#### WORK TO BE COMPLETED:
Transcribe the records below from the first line to the line that includes "Milagro Wall lamp", inclusive, and omit the pictures.

#### Caption-style text data:

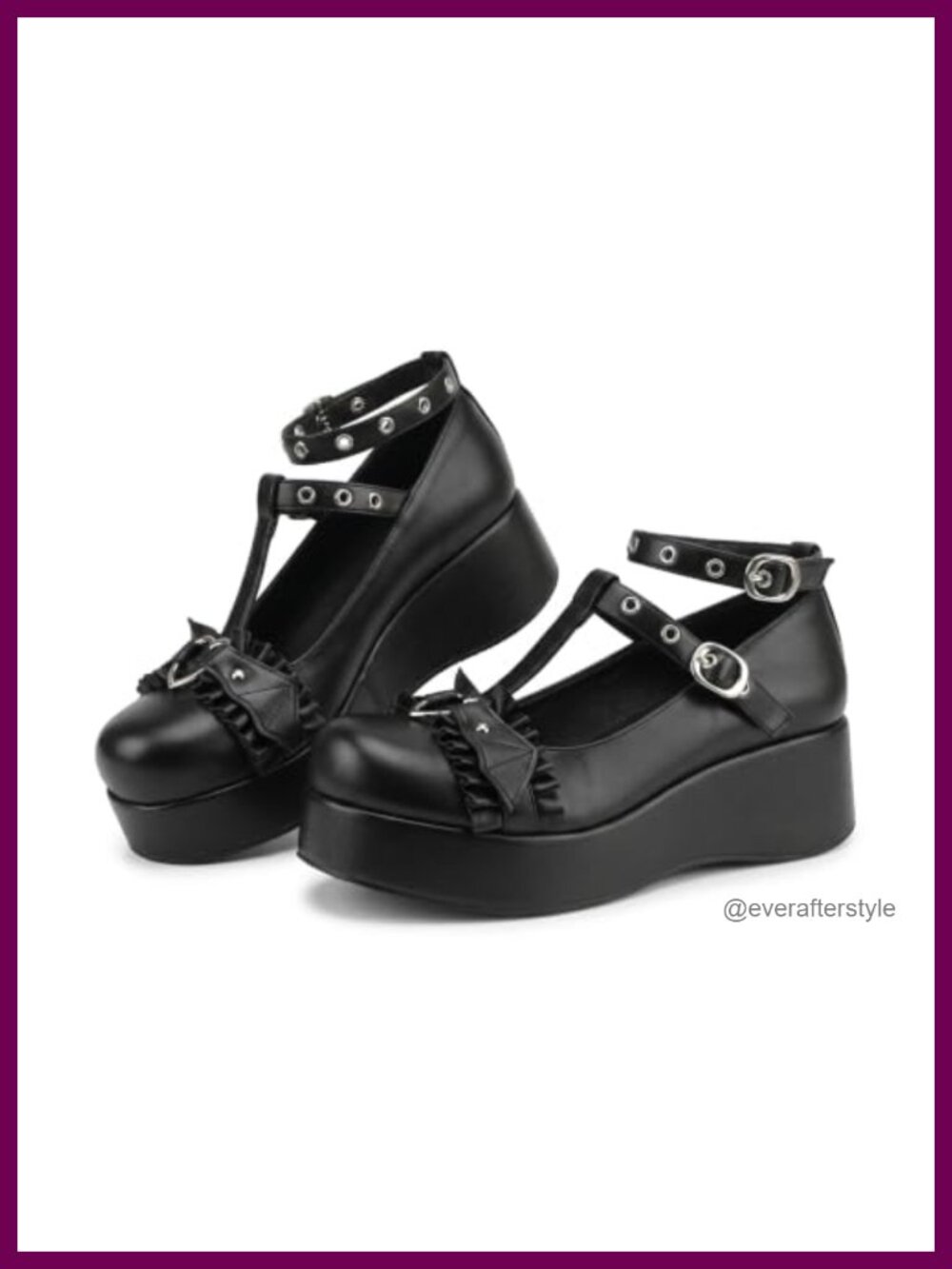 CELNEPHO Women's Platform Mary Jane Pumps Patent Leather Heart Buckle Ankle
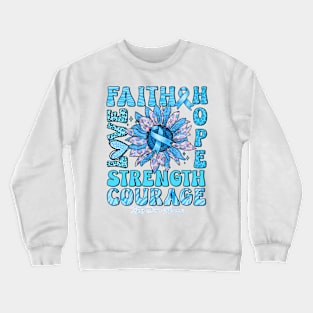 Thyroid Disease Awareness - Sunflower strong faith love Crewneck Sweatshirt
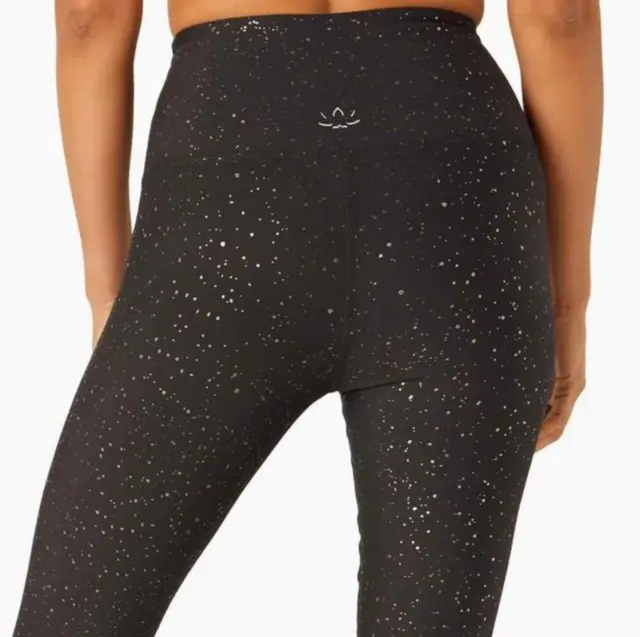 Beyond Yoga Black Alloy Sparkle Foil High Rise Midi Leggings Womens Size Small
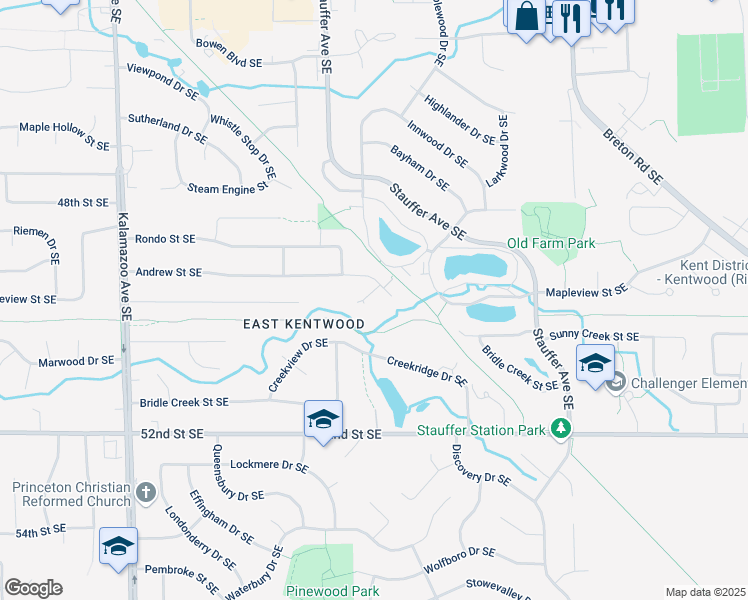 map of restaurants, bars, coffee shops, grocery stores, and more near 4998 Kalamazoo Avenue Southeast in Kentwood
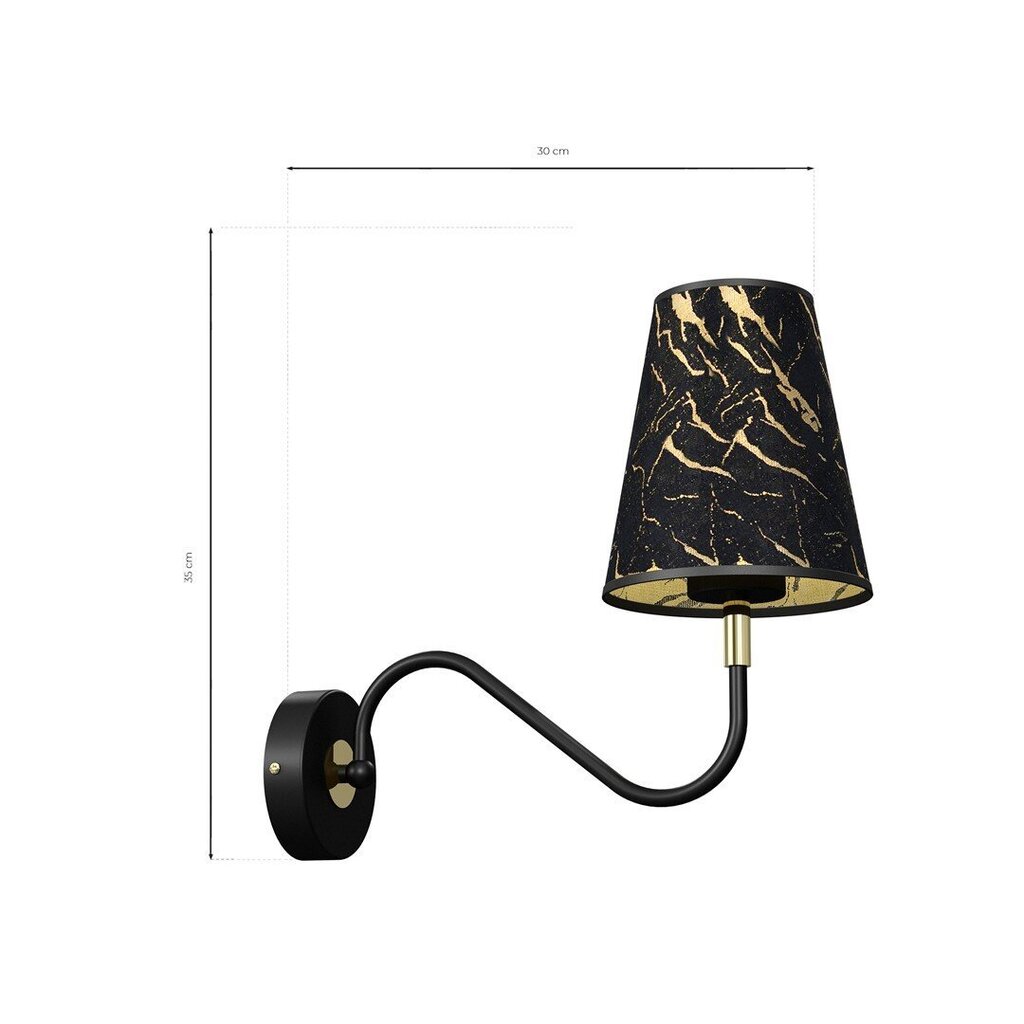 Milagro Wall lamp HERMES Black / Gold 1xE27 цена и информация | Seinavalgustid | kaup24.ee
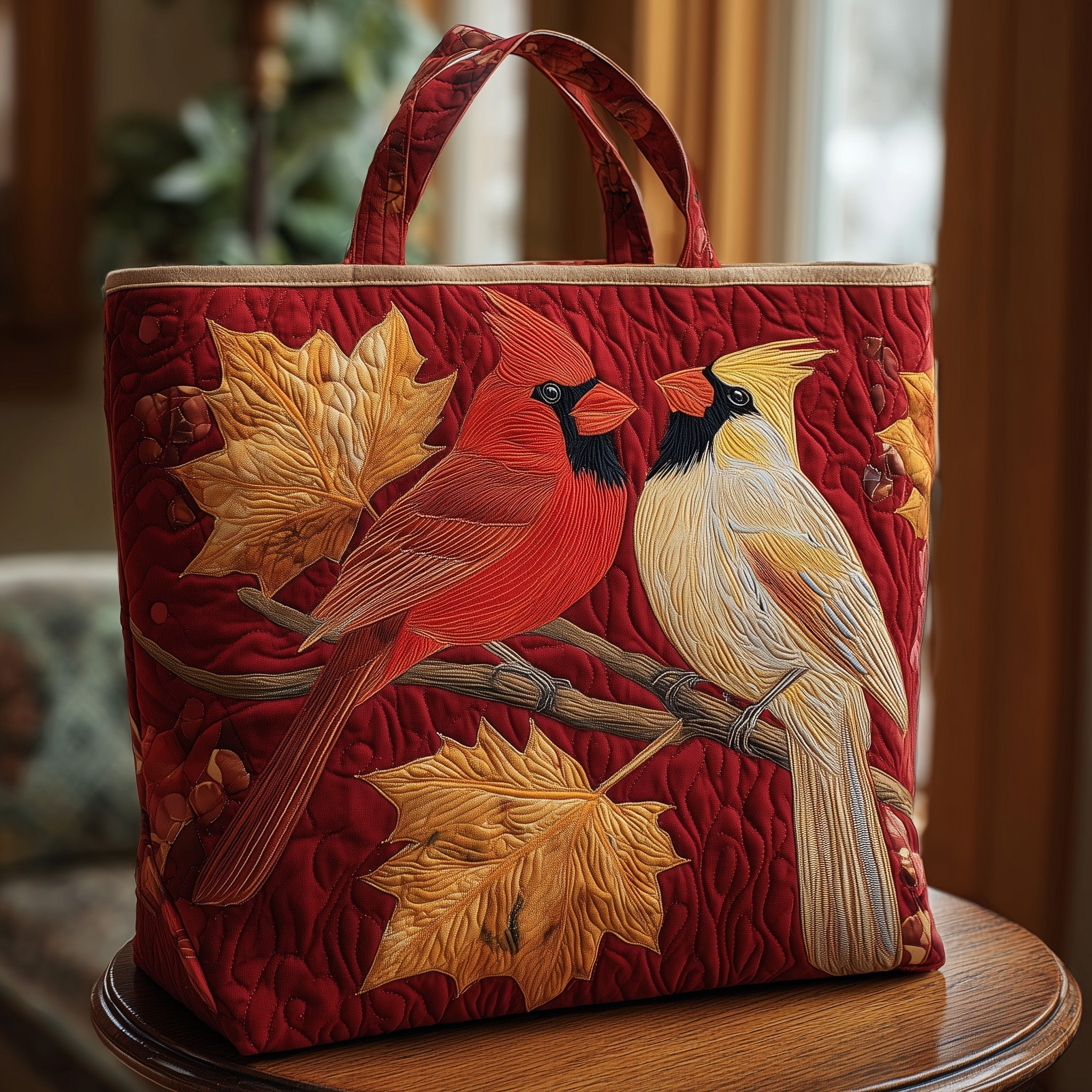 Cardinal Pair Quilted Tote Bag Autumn Themed Shoulder Bag Red Cardinal Gifts Ideas For Mom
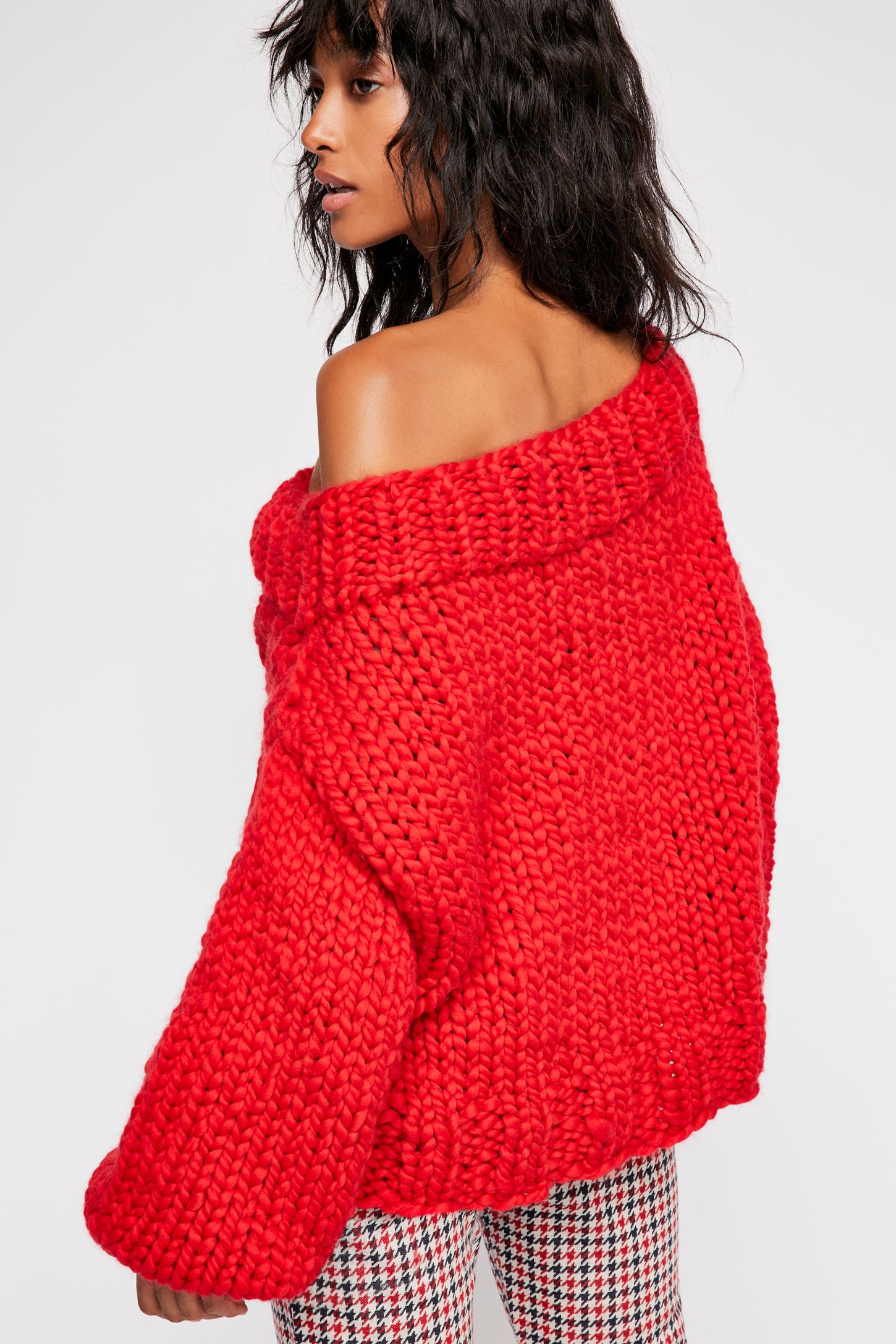 Slide View 3: Off Her Shoulder Cable Sweater 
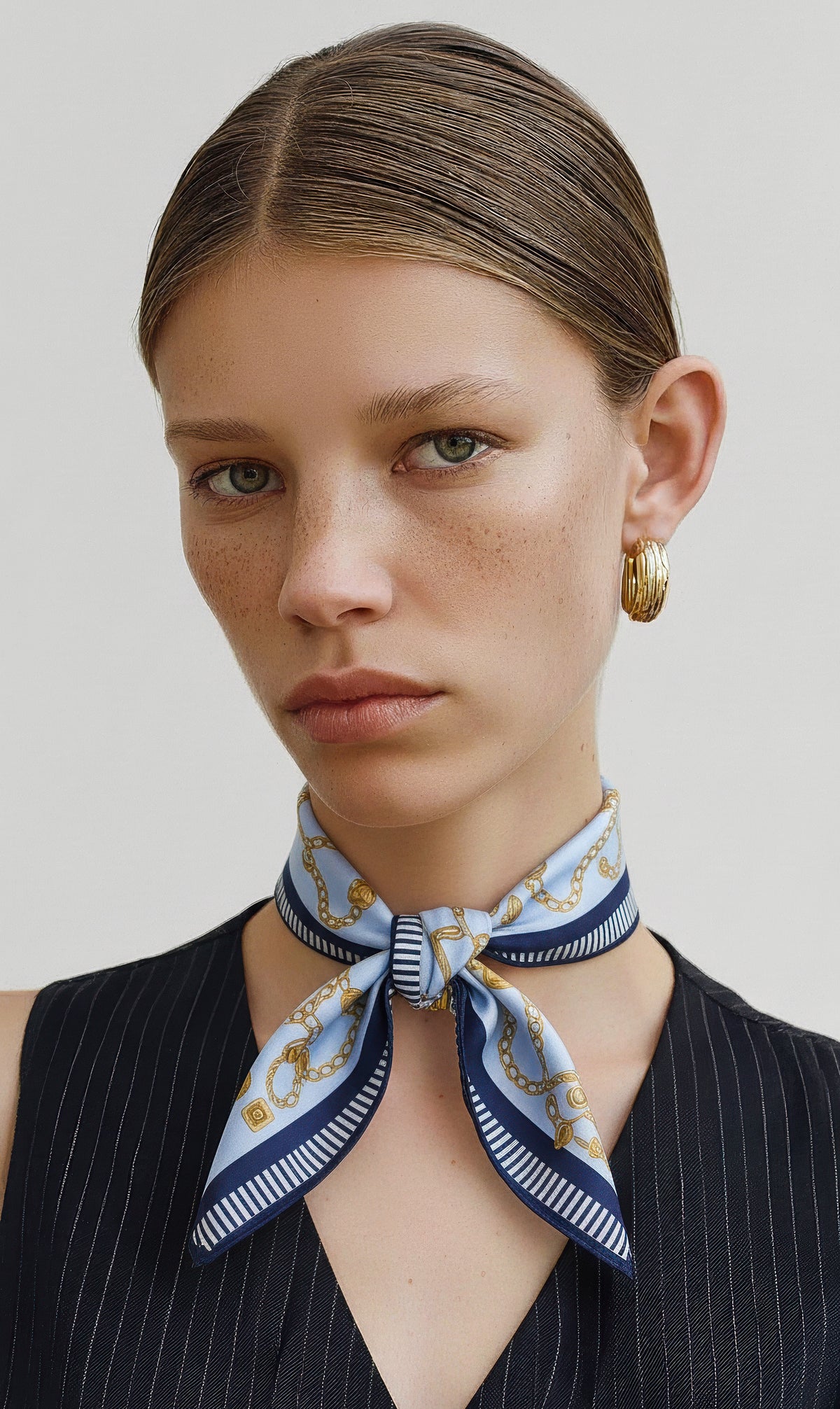 Fendi Vintage Charm Chain Cotton Bandana Scarf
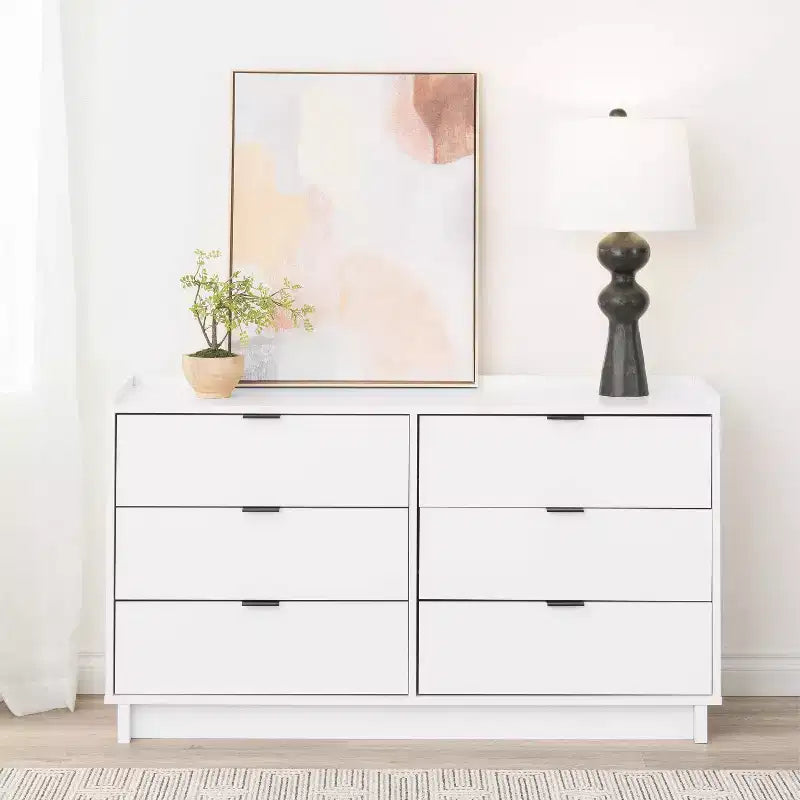 52.5-Inch Wide Modern 6-Drawer Dresser, Spacious Chest of Drawers for Bedroom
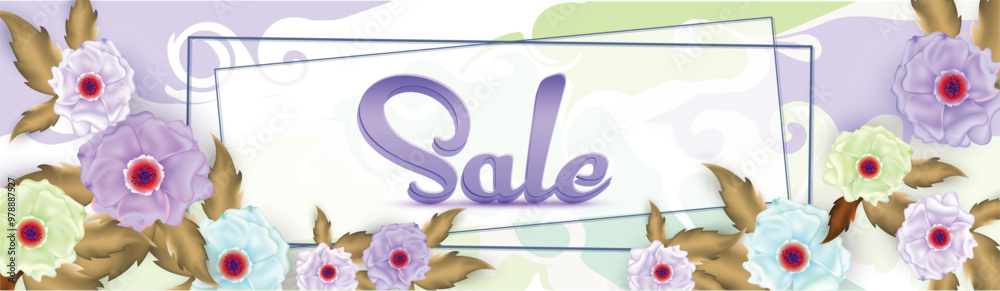 Obraz premium Sale header or banner design decorated with beautiful flowers on abstract background.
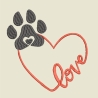 Stickdatei Loveherz simple und Hundepfote in 6 Größen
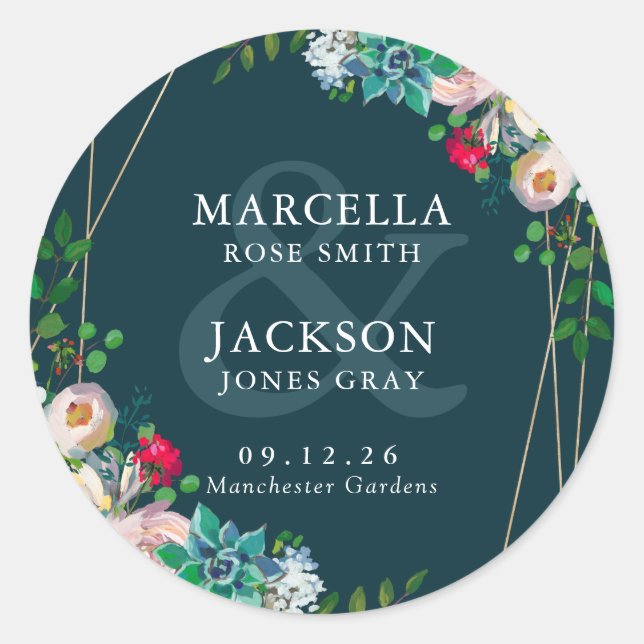 Sticker Rond Succulents et Mariage Gold Chic (Devant)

#### EXERCISE OUTPUT:
 CELNEPHO Women's Platform Mary Jane Pumps Patent Leather Heart Buckle Ankle
 Thyroid Disease Awareness - Sunflower strong faith love Crewneck Sweatshirt
 Beyond Yoga Black Alloy Sparkle Foil High Rise Midi Leggings Womens Size Small
 map of restaurants, bars, coffee shops, grocery stores, and more near 4998 Kalamazoo Avenue Southeast in Kentwood
 Milagro Wall lamp HERMES Black / Gold 1xE27 цена и информация | Seinavalgustid | kaup24.ee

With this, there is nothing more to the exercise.